Toda coragem também é dita!

 


Michel Foucault dizia que “toda coragem é física”, a afirmação é forte, é preciso analisar o contexto em que dizia isso, tudo é o contexto... Era o ano de 1968, Foucault um professor e intelectual engajado, que acreditava no enfrentamento do corpo, no corpo como referência máxima do humano (menos alma, mais corpo) menos subjetividade racionalista, ideia e ação eram sinônimos, participava ativamente nas ruas em Paris, ao lado de seus próprios alunos, na luta feroz contra a repressão dos movimentos estudantis de 1968. Ninguém melhor do que o filósofo brasileiro, Roberto Machado, que foi seu amigo com mais de uma década de convivência, para falar sobre essas características de Foucault, no indispensável livro, “Impressões de Foucault”, N-1 edições. 2017.

Conquanto estejamos atravessando, na "rua", uma fase de radicalismos no mundo, mais ainda aqui no Brasil, cada qual com seu lado, suas opiniões e o desejo de destruir as opiniões alheias, penso que em "casa" (faço uso aqui da distinção “casa” e “rua” do antropólogo Roberto DaMatta), há um afrouxamento também radical dos laços referenciais entre pais e filhos. Não há mais coragem nos pais, nem mesmo para resgatar os filhos do buraco da vida, esse tal de deixar viver é de uma covardia paterna (sentido amplo, não só patriarcal) que beira as raias da irresponsabilidade.
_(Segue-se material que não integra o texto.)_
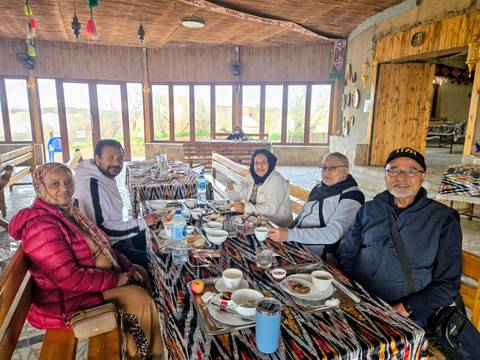       Travellers enjoy a rustic meal at long tables inside a wooden lodge with panoramic windows.
  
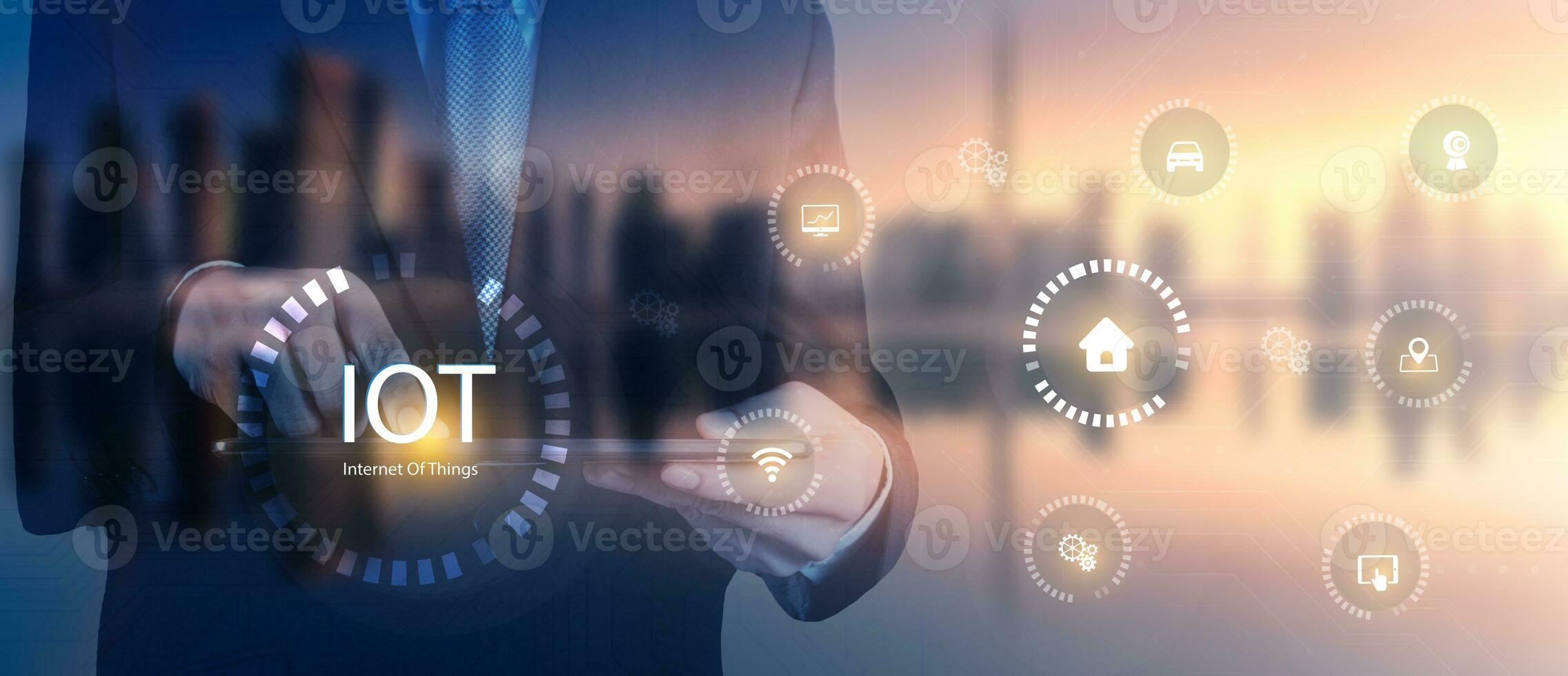 Businessman touching on tablet IOT icon concept design. Symbol IOT connected with icons of typical on dark .Internet of things user connecting interconnecting with everyday objects with network. photo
Os pais renunciaram o direito de dizer sobre a vida aos filhos! Falta-nos, a coragem de ser pais!

Filho não pode tutelar pai, a não ser quando o pai já está “demente”, fora dessa condição excepcional, (mas, de possibilidade concreta de ocorrência dado o tempo de vida que nós estamos alcançando no século XXI), os pais têm que tutelar os filhos, no sentido de que precisam dar aos seus filhos à sua visão do mundo, errônea, falha, miserável , frágil, mas a sua visão. Os filhos ouvirão outras visões de mundo de seus amigos, de seus inimigos, de seus parentes, de seus professores, por que não deveria ter o direito de ouvir a visão dos pais?

Falhamos pelo silêncio, falhamos pela omissão, falhamos ao evitar o confronto direto com filhos, queremos ficar em cima do muro, ou no lugar do amiguinho supralegal do filho, nos falta a “coragem do confronto corporal” foucaultiano com os nossos filhos, um confronto do toque, do encontro, do desencontro, do luto, da seriedade, do dionisíaco nietzschiano, mas, também o “confronto das ideias”.

É preciso dizer um NÃO ROTUNDO (aqui, Leonel Brizola) para o modo de condução da vida de seus filhos (gênero exemplificativo). É preciso que eles nos joguem na cara, no futuro, que erramos em nossas opiniões e observações (mas, dissemos a eles, dizer já é grandioso!), é imperioso resgatarmos a coragem de errarmos ativamente na criação de nossos filhos, para que eles possam ter referenciais paternos bem claros e contraditórios, é hora de termos a coragem de assumir nossas contradições e ideias para com nossos filhos. Ou, parafraseando o ditado popular, “desistiu, perdeu!”, noutro dizer, desistiu de contestar seu filho, desistiu de apontar o abismo para ele, perdeu-o! Dê a ele o gosto de dizer no futuro: papai você estava errado!